Try as we might, almost everyone has pain at some point in their lives. Pain is by far the most common reason people seek out health care. But treating pain, especially chronic pain lasting for more than three months, is not always easy. Treatment often requires a multifaceted approach. There are a number of different components due to the many variables that contribute to a patient’s perception of pain and their response to treatment. The most common treatments are medications, but is there a way of obtaining natural pain relief?
The Opioid Crisis
Opioids are natural and synthetic drugs that are commonly prescribed for pain. Some patients, such as those with cancer or other serious illnesses, and those who are on end-of-life care, may require opioids due to the extreme amount of pain they are in. Opioids may also be appropriate for a limited period of time for certain short-lived (acute) painful conditions. However, it’s not clear if they are also effective for patients with chronic pain. But this has not stopped medical professionals from prescribing these drugs to address all types of conditions.
Since the late ‘80s and early ‘90s, doctors have been prescribing opioids on a grand scale to treat acute and chronic pain. Over the years, prescribing these drugs has become a standard practice that many doctors assumed was safe and effective. Despite this fact, there has always been a lack of high-quality research on the benefits and harms of opioids. As a result, opioid use is rampant. At least 400,000 people have died of an opioid overdose between 1999-2017.
The epidemic has brought light to the situation and raised questions about prescribing these drugs to patients dealing with pain. Professional organizations like the CDC have provided guidelines as to when and how to give prescriptions, and what to do to address this problem. One of the central messages is that physical therapy provides a first-line treatment alternative to opioids for managing pain.
Studies show physical therapy treatment is a safer alternative
- In August of 2016, the U.S. Surgeon General at the time, Vivek Murthy, MD sent a letter to 2.3 million medical professionals to address the opioid epidemic provide a call to action to end it. The letter, combined with an infographic, assisted these professionals in the prescription of opioids. One of the central recommendations made was to consider non-opioid therapies first, with physical therapy being listed as an important alternative.
- The current U.S. Surgeon General Jerome Adams, MD spoke at an event hosted by the American Physical Therapy Association (APTA) this past January. He focused on the opioid crisis and the role of physical therapy in addressing it. He highlighted the essential role that physical therapists can play by offering pain-relieving services to patients, and stressed the importance of educating these individuals on a national scale.

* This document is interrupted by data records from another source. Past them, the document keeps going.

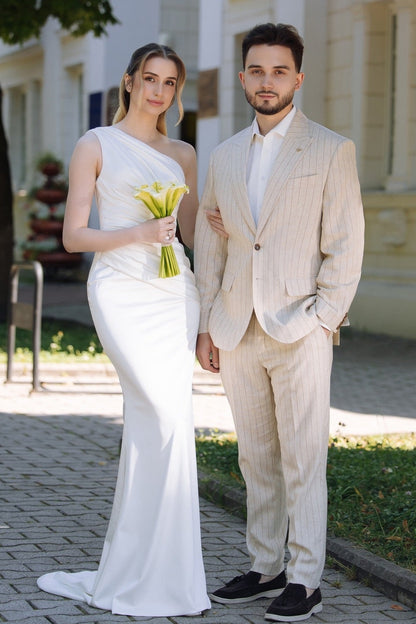 One Shoulder Sleeveless Mermaid Floor-Length Wedding Dress
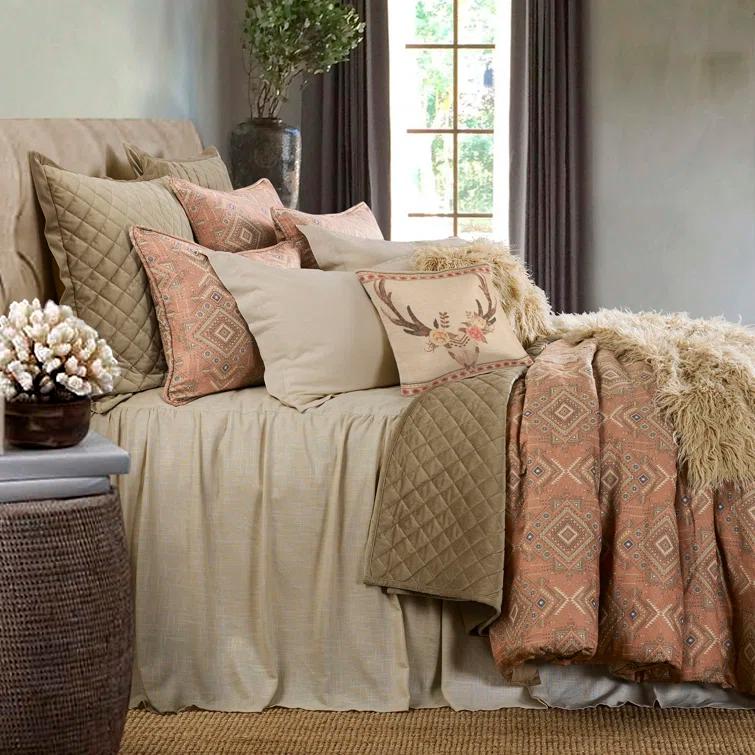 HiEnd Accents Luna Washed Linen Romantic Classic Chic Casual Modern Rustic Farmhouse Bedspread Set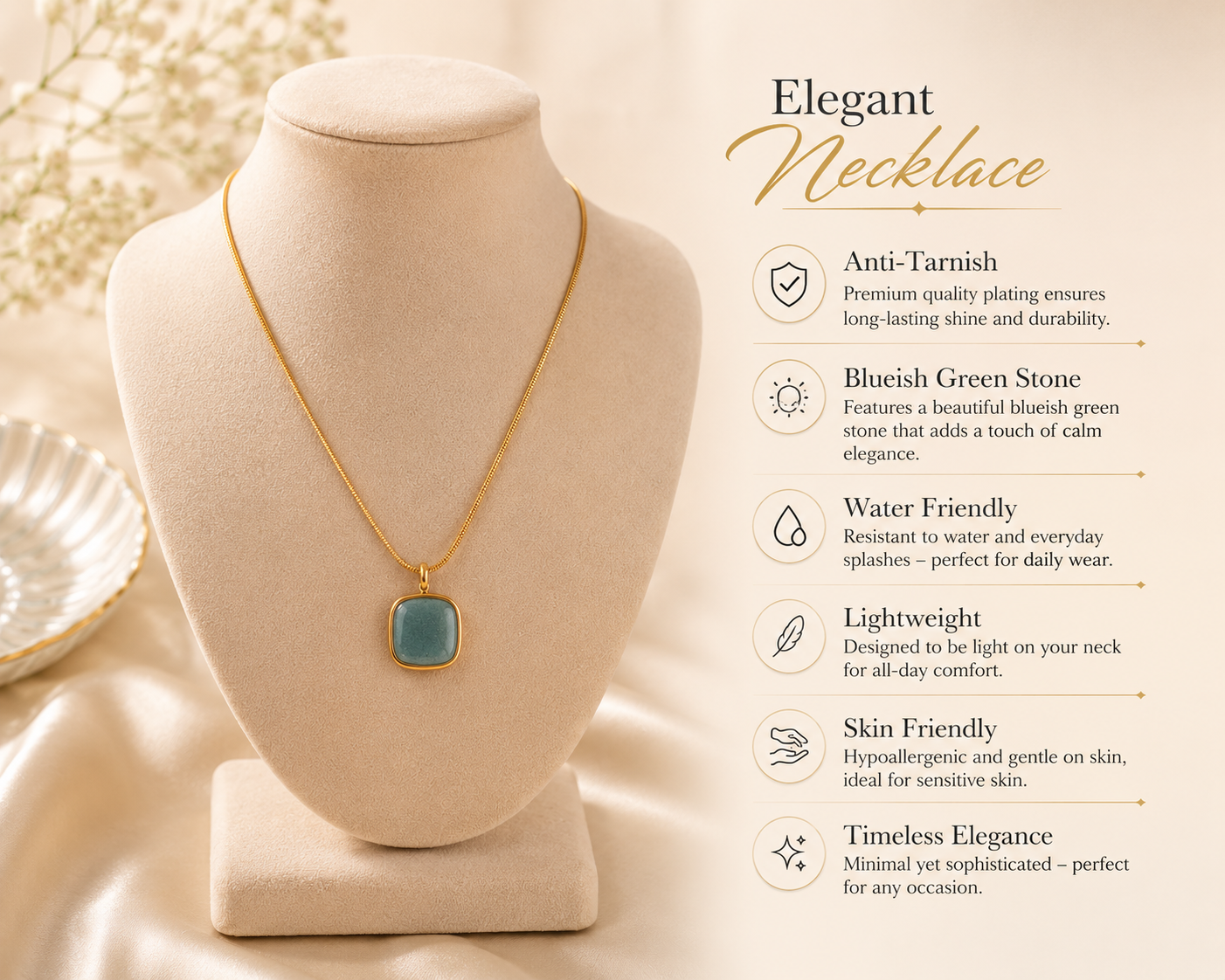 Blue-Green Stone Pendant Necklace – Minimal Elegance for Everyday Wear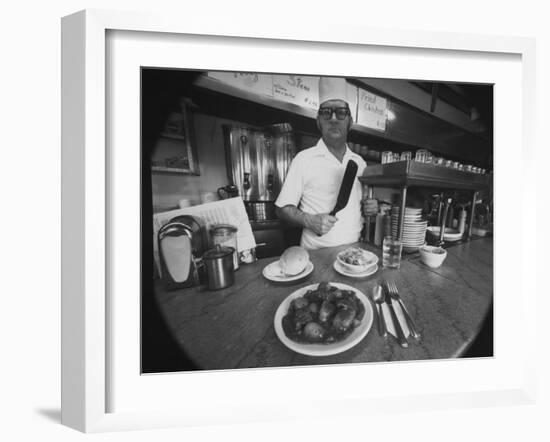 Owner-Chef Lowell Knapp, the Owner of the S&C Diner, Posing for the Camera-Yale Joel-Framed Photographic Print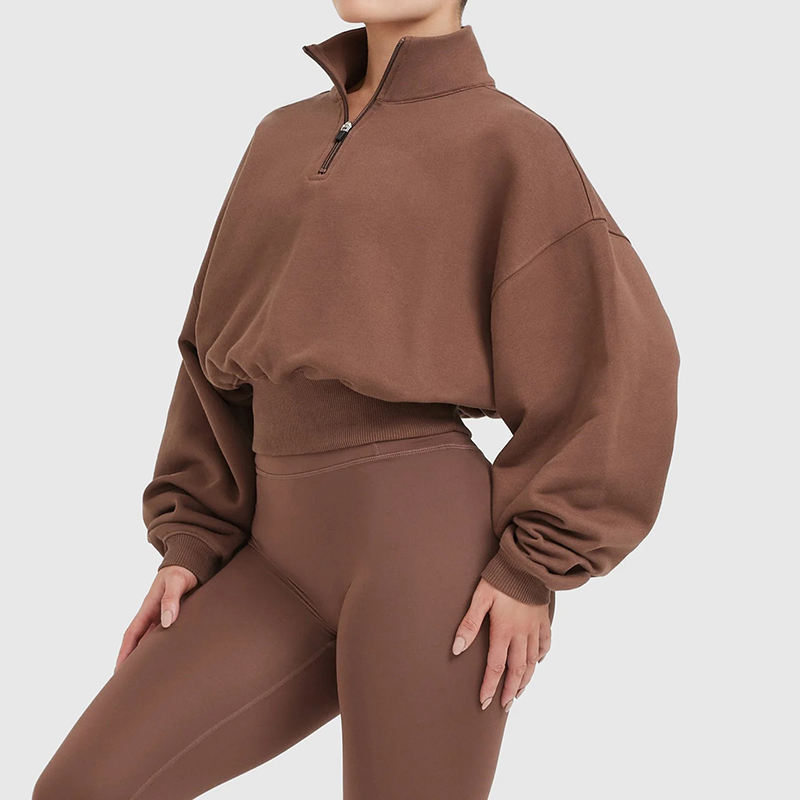 1/4 zipper Sweatshirts Manufacturer | custom logo crop Turtleneck pullover sweatshirts Factory - 图片 3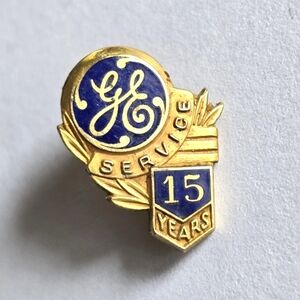 GE General Electric 15 Year Service Screw Back Lapel Pin 1/10 10k Gold Fill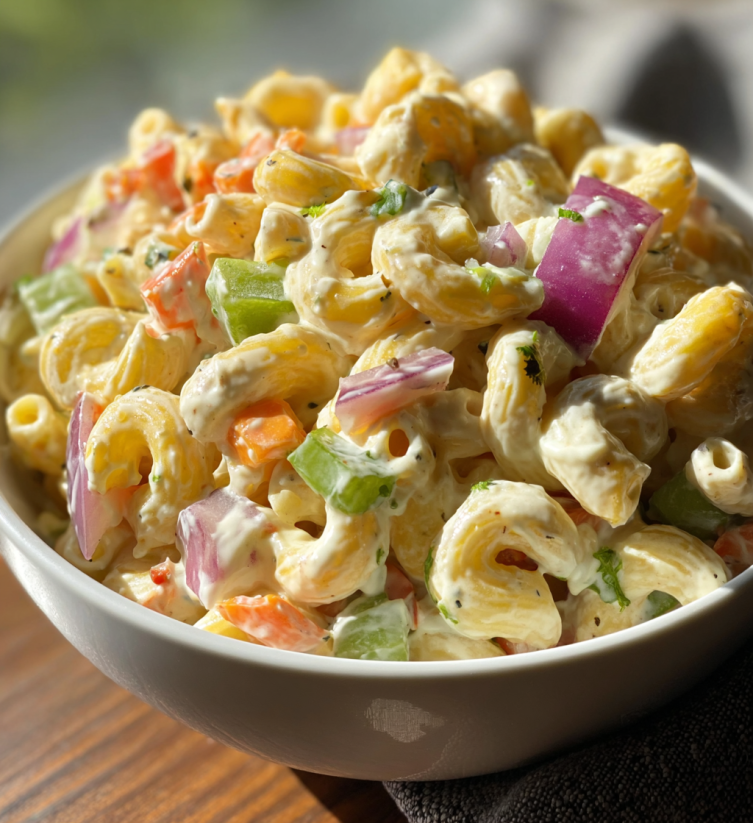 A bowl of macaroni salad with vegetables.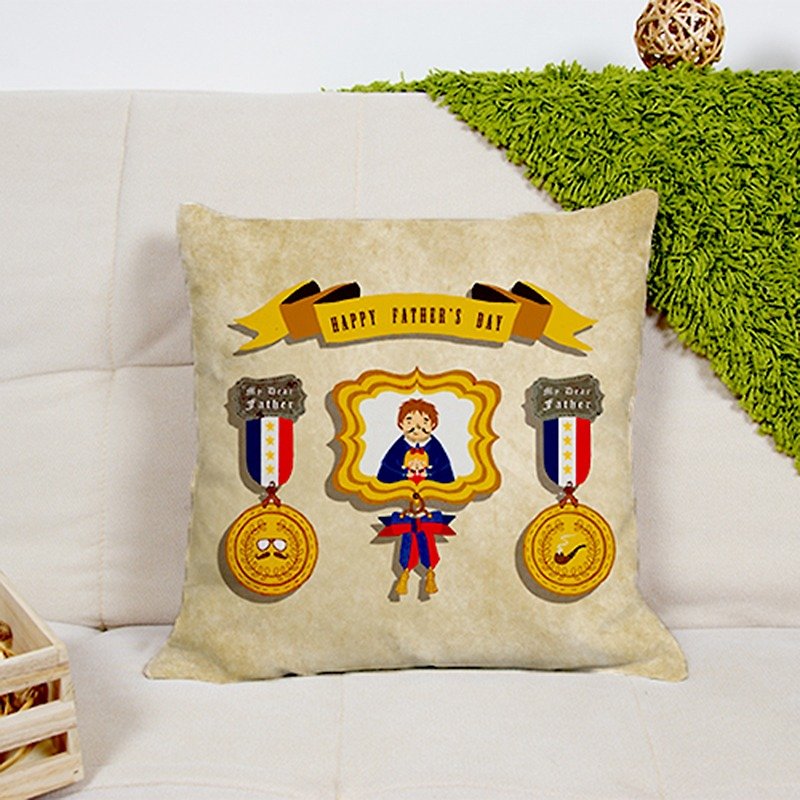 Customized Father's Day Gifts Dad Headband Badge Pillow AH1-FADY3 - Pillows & Cushions - Other Materials Gold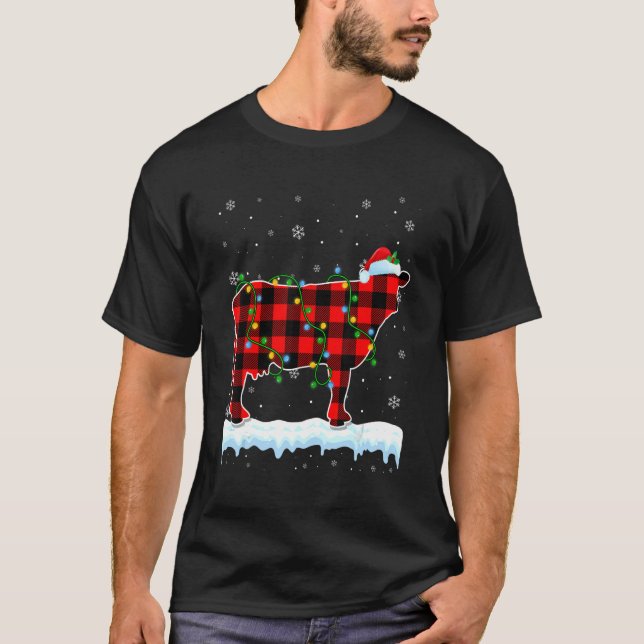 Camiseta Navidades de vacas lecheras Santa Hat Cute Animale (Anverso)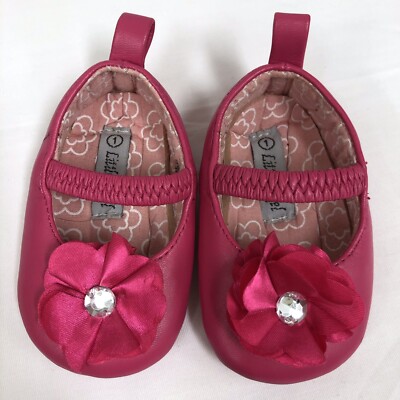 Little Angel Infant Girls Ballet Shoes Size Pink Flower Rhinestone - Main Image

- A task force, made up of experts in various medical fields, formed in 2018 in order to establish guidelines for managing pain and the role of opioids in the process. One of the key guidelines was that restorative therapies like physical therapy should be a central component of patient care. It points out that these therapies play a significant role in managing acute and chronic pain. Positive patient outcomes are more likely when they are used.
Physical therapy treatment benefits
There are many reasons why physical therapy has become recognized as such an effective alternative to opioids. Narcotics, like opioids, are only meant to decrease someone’s perception or sensation of pain. They do not address the issues that are causing it. This is why opioids should only be used temporarily until the pain subsides. Physical therapy, on the other hand, is not a temporary solution. Instead, it focuses on identifying the origin of the pain, and then creates a personalized treatment program designed to alleviate it permanently. This provides natural pain relief that lasts longer than drugs.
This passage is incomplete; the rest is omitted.